ABOUT THIS EXERCISE -
Scan the records for the word "move". Return each line where it is found.

EXERCISE DATA -
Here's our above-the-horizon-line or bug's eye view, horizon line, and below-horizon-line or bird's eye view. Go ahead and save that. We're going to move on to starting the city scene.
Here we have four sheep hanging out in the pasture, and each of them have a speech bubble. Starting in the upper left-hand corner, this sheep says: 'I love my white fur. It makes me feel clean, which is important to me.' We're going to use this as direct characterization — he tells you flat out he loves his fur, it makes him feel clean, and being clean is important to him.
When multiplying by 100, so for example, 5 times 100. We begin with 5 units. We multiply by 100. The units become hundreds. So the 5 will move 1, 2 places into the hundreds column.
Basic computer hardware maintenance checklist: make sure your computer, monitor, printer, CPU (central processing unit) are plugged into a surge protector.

* * *

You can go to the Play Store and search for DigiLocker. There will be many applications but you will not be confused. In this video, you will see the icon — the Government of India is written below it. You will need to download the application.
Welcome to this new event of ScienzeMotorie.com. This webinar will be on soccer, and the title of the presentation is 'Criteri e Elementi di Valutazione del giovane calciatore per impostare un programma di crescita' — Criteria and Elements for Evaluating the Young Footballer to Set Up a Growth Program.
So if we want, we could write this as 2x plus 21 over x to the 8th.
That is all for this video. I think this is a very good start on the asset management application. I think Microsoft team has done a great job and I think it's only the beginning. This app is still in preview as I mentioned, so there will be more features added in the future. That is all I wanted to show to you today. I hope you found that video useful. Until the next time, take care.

TASK RESULT -
Here's our above-the-horizon-line or bug's eye view, horizon line, and below-horizon-line or bird's eye view. Go ahead and save that. We're going to move on to starting the city scene.
When multiplying by 100, so for example, 5 times 100. We begin with 5 units. We multiply by 100. The units become hundreds. So the 5 will move 1, 2 places into the hundreds column.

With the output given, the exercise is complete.